1. The most important thing is to choose the right parameters for the HoughLines function, since it can return from 0 to an infinite numbers of lines (we need 4 parallel)
2. Since we do not know in what order these lines go, they need to be compared with each other
3. Because of the perspective, parallel lines are no longer parallel, so each line will have a point of intersection with the others. A simple solution would be to filter the coordinates located outside the photo. But it may happen that an undesirable intersection will be within the photo.
4. The coordinates should be sorted. Depending on the task, it could be done in different ways.

cv2.HoughLines will return an array with the values of rho and theta for each line. Now the problem becomes a system of equations for all lines in pairs:

def intersections(edged):
  # Height and width of a photo with a contour obtained by Canny
  h, w = edged.shape

  hl = cv2.HoughLines(edged,2,np.pi/180,190)[0]
  # Number of lines. If n!=4, the parameters should be tuned
  n = hl.shape[0]    
        
  # Matrix with the values of cos(theta) and sin(theta) for each line
  T = np.zeros((n,2),dtype=np.float32)
  # Vector with values of rho
  R = np.zeros((n),dtype=np.float32)

  T[:,0] = np.cos(hl[:,1])
  T[:,1] = np.sin(hl[:,1])
  R = hl[:,0]

  # Number of combinations of all lines
  c = n*(n-1)/2
  # Matrix with the obtained intersections (x, y)
  XY = np.zeros((c,2))
  # Finding intersections between all lines
  for i in range(n):
    for j in range(i+1, n):
      XY[i+j-1, :] = np.linalg.inv(T[[i,j],:]).dot(R[[i,j]])

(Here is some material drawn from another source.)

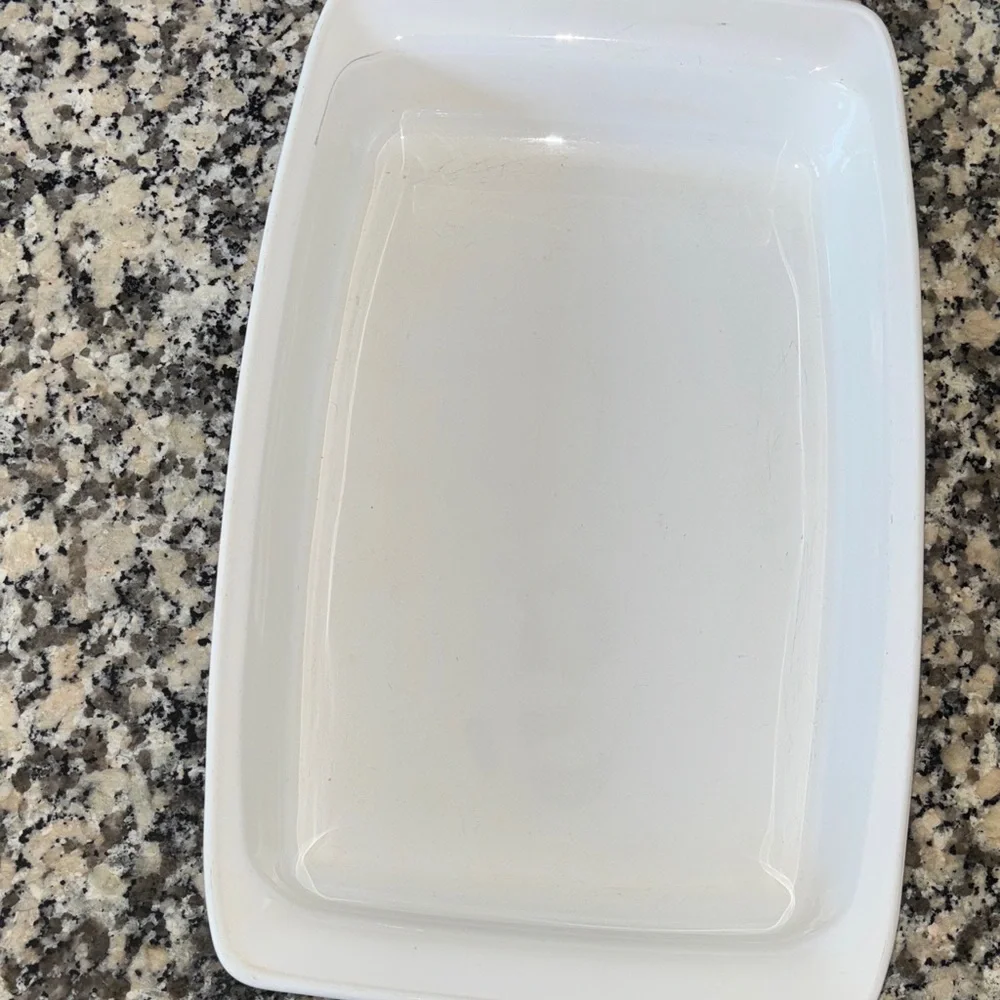 Vintage Corningware P-332 Blue Coneflower White 2 3/4 QT Baking Dish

  # filtering out the coordinates outside the photo
  XY = XY[(XY[:,0] > 0) & (XY[:,0] <= w) & (XY[:,1] > 0) & (XY[:,1] <= h)]
  # XY = order_points(XY) # obtained points should be sorted
  return XY

here is the result:

Answer 2

It is possible to:

1. select the longest contour
2. break it into segments and group them by gradient
3. Fit lines to the largest four groups
4. Find intersection points

But then, Hough transform does nearly the same thing. Is there any particular reason for not using it?

Intersection points of lines are very easy to calculate. A high-school coordinate geometry lesson can provide you with the algorithm.